▸ Source data:
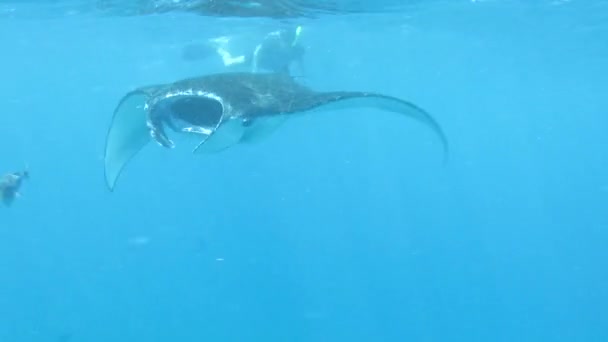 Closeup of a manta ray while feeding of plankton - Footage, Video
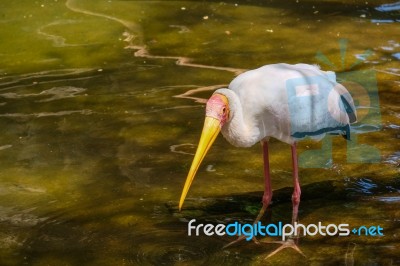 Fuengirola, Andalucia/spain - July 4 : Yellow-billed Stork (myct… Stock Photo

--

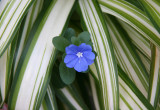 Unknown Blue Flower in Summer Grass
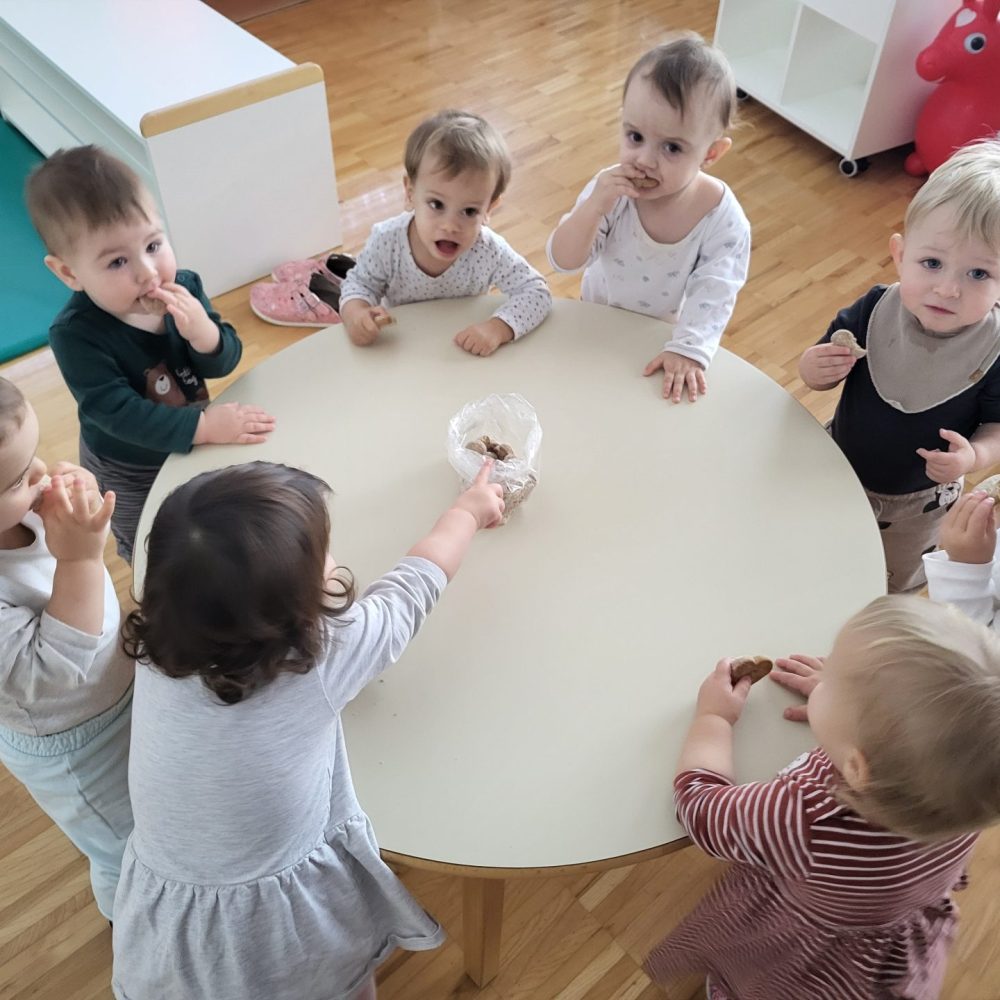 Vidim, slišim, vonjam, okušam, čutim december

▸ Brief:
Restate the lines above from the one containing "Closeup of a" through the one containing "Fuengirola, Andalucia/spain - July", inclusive, exactly and without pictures.

▸ Exercise output:
 Closeup of a manta ray while feeding of plankton - Footage, Video
 Fuengirola, Andalucia/spain - July 4 : Yellow-billed Stork (myct… Stock Photo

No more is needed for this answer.